January 31, 2022 by Editorial Staff 1 Comment

Farm and woodlot in New York State about thirty miles west of Albany by Paul Carter FSA Photo courtesy Library of CongressBetween 1935 and 1942 photographers of the New Deal’s Farm Security Administration (FSA) documented the lives and struggles of Americans enduring the Great Depression.

Considered one of the largest documentary photography projects ever undertaken, the photographs include some of the most familiar and powerful images of the nation to emerge from the Depression. Many have reached iconic status in American culture.

The images, held at the Library of Congress, were made in every region of the nation and number in the tens of thousands, and include are photographs made by Dorothea Lange, Gordon Parks, Ben Shahn, Walker Evans, Arthur Rothstein, Carl Mydans, Russell Lee, John Vachon, Marion Post Wolcott, Jack Delano, and many others.
The FSA was a New Deal agency created by President Franklin D. Roosevelt in 1937 to help American farmers and farm laborers who were confronting economic depression and natural disaster, including the ecological disaster known as the Dust Bowl.

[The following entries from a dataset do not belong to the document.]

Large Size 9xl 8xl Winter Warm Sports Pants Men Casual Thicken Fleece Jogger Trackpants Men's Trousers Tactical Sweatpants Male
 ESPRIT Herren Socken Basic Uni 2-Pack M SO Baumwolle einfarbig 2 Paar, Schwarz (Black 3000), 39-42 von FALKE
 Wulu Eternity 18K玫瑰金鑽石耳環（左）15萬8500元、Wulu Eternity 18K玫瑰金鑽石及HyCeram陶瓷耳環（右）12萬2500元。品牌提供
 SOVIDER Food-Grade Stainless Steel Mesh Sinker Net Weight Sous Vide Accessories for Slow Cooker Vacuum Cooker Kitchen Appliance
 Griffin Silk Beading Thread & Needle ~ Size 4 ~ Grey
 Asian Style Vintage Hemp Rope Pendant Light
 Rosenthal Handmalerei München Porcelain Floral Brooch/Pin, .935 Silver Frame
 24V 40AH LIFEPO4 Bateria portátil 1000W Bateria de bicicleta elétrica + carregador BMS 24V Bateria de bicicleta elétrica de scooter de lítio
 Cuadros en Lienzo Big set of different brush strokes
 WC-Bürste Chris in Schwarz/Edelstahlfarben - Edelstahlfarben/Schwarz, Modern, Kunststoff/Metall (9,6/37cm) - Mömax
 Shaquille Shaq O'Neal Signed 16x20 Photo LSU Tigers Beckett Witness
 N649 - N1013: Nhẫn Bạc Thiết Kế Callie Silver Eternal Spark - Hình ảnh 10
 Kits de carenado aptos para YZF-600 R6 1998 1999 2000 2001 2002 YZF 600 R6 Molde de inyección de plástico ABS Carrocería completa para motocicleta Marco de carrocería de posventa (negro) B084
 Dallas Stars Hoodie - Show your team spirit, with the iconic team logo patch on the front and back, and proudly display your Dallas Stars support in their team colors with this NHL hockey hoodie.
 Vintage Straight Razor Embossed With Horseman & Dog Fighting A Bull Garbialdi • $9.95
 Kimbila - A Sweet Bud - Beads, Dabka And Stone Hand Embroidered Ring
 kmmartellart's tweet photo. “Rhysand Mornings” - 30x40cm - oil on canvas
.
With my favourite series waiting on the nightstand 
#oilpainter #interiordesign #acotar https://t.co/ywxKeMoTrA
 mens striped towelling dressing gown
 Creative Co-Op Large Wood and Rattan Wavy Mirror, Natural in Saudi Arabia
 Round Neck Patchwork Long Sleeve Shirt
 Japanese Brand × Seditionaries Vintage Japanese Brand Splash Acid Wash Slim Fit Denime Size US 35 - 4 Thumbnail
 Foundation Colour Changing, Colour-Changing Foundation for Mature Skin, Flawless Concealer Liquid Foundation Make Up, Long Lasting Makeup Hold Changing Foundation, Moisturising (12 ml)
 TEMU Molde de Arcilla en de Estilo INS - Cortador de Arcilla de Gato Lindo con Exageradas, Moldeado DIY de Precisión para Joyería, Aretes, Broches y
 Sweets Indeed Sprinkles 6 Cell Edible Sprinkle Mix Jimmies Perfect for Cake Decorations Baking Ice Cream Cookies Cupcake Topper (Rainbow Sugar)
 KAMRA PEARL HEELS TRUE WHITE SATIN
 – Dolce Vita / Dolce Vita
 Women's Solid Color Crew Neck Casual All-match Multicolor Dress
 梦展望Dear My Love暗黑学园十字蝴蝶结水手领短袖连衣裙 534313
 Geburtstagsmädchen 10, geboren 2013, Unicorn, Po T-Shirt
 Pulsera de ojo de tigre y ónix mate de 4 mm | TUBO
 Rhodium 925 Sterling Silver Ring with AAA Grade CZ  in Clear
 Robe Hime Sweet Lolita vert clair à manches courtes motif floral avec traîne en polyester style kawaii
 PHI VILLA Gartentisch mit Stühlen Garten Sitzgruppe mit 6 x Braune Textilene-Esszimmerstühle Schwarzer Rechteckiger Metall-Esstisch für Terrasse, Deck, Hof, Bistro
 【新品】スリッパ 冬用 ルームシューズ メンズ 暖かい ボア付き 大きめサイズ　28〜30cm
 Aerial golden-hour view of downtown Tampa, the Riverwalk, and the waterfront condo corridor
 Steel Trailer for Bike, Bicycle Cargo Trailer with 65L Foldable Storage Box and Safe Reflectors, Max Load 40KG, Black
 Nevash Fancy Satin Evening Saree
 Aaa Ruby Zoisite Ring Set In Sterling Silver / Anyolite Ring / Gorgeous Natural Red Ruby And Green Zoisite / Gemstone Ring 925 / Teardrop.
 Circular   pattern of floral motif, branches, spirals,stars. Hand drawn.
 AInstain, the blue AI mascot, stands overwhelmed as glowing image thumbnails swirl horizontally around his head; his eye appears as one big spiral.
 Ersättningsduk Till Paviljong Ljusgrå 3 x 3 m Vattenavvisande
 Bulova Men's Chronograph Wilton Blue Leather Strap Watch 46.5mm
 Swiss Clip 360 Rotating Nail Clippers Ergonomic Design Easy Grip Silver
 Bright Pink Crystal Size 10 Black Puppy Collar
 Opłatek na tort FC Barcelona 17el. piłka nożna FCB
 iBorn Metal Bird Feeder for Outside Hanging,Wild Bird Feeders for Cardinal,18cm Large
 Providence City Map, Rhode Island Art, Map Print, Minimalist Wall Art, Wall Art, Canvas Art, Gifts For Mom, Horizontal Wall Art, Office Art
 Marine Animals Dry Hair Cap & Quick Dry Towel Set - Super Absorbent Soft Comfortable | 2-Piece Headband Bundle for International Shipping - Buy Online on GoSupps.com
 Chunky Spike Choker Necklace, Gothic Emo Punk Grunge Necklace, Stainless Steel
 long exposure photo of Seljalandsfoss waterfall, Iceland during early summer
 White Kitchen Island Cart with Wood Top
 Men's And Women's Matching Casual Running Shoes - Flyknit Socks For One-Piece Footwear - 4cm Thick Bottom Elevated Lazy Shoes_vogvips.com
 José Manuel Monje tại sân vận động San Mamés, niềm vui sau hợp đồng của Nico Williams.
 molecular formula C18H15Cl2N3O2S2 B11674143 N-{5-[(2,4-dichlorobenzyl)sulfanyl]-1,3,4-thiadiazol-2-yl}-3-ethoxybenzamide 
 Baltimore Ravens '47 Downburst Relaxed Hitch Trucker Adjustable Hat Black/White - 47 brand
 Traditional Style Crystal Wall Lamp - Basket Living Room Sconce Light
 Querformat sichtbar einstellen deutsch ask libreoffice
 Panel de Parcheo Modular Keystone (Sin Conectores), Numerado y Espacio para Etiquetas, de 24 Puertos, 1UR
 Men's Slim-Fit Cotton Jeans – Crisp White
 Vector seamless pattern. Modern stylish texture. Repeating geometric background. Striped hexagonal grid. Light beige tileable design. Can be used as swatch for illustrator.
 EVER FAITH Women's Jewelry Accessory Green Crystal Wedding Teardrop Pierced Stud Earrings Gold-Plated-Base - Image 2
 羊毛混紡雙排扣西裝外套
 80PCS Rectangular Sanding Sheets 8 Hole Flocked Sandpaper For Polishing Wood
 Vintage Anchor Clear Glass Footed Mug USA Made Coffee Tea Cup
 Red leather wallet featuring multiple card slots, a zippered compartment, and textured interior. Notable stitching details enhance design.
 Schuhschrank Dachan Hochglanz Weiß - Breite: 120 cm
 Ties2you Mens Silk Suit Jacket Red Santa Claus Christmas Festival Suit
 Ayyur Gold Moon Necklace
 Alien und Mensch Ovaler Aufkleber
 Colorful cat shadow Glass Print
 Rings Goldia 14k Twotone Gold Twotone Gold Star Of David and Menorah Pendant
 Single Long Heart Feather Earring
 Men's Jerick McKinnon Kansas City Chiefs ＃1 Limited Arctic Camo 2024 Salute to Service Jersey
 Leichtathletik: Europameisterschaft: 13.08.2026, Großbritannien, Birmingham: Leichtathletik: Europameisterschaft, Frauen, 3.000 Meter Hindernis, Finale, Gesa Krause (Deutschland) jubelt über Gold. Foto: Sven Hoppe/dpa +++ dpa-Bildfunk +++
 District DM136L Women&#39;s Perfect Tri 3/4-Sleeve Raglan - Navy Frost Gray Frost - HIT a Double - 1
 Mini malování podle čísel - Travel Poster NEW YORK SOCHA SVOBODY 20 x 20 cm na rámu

Manhattan seen from the S.S. Coamo leaving New York, by Jack Delano, courtesy Library of CongressIt developed out of an earlier agency called the Resettlement Administration (RA) for which its director, Rexford Tugwell, had established a publicity department to document rural poverty and government efforts to alleviate it. That department included a photographic unit called the “Historical Section,” administrated by former Columbia University economics instructor, Roy Stryker.

To accomplish the agency’s goals, Stryker enlisted a group of people who today comprise a virtual “Who’s Who” of 20th-century documentary photography. The RA and its “Historical Section” were merged into the newly created FSA in 1937. Many of its photographers later forged careers that helped define photojournalism at magazines like Life and Look.

Most of the photographs depict rural life and hardships, but they also include many images of town and city life. They include images of hardship, endurance, hope, recovery, migration, recreation and community life.

The photographs provide visual affirmation of President Roosevelt’s assertion in his first inaugural address, delivered at the lowest point of the Great Depression: “This great nation will endure as it has endured, will revive and will prosper … the only thing we have to fear is fear itself.”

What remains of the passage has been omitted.